[F,D] = DFT(I) calculates the Dense Histogram of Gradient descriptors for image I. I must be grayscale in SINGLE format.

A VL_DHOG descriptor is equivalent to a VL_SIFT descriptor (see VL_SIFT() and VLFeat API documentation). This function calculate quickly a large number of such descriptors, for a dense covering of the image with features of the same size and orientation.

The function returns the frames F and the descriptors D. Since all frames have identical size and orientation, F has only two rows (for the X and Y center coordinates). The orientation is fixed to zero. The scale is related to the SIZE of the spatial bins, which by default is equal to 3 pixels (see below).
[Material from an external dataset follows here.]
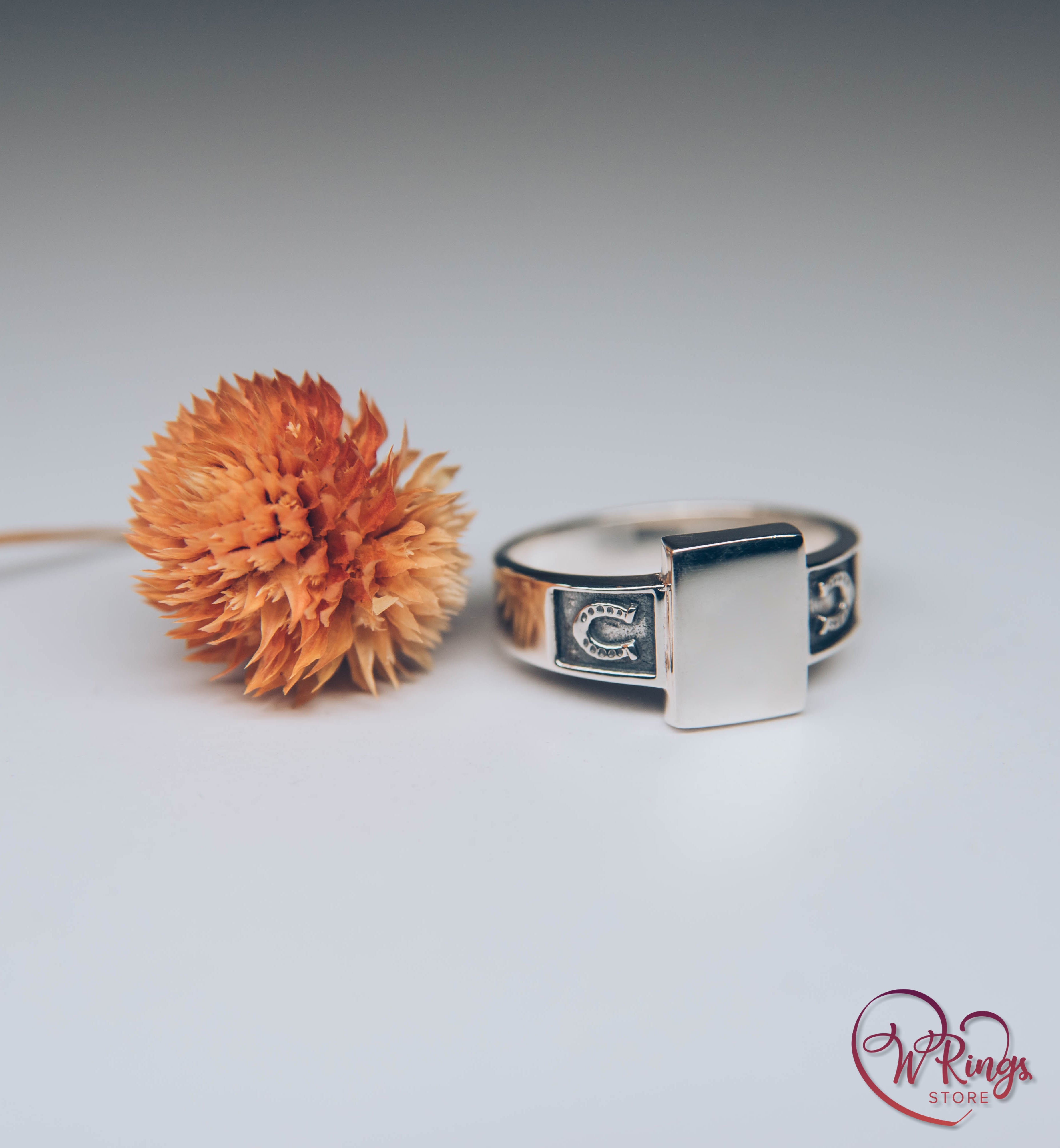 Rectangle shape & Side Horseshoes Silver Plain Signet Ring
If NS is the number of bins in each spatial direction (by default 4), then a VL_DHOG keypoint covers a square patch of NS by SIZE pixels.

Remark

The size of a VL_SIFT bin is equal to the magnification factor MAGNIF (usually 3) by the scale of the VL_SIFT keypoint. For instance, the scale that should be fed to VL_SIFTDESCRIPTOR() in order to match the output of VL_DHOG() is equal to VL_SIFT / MAGNIF.

VL_DHOG() accepts the following options:

Step STEP [1]

Extract a descriptor each STEP pixels.

Size SIZE [3]

A spatial bin covers SIZE pixels.

Norm

Append the frames with the normalization factor applied to each descriptor. In this case, F has 3 rows and this value is the 3rd row.

Fast

Use a flat rather than Gaussian window. Much faster.

Verbose

Be verbose.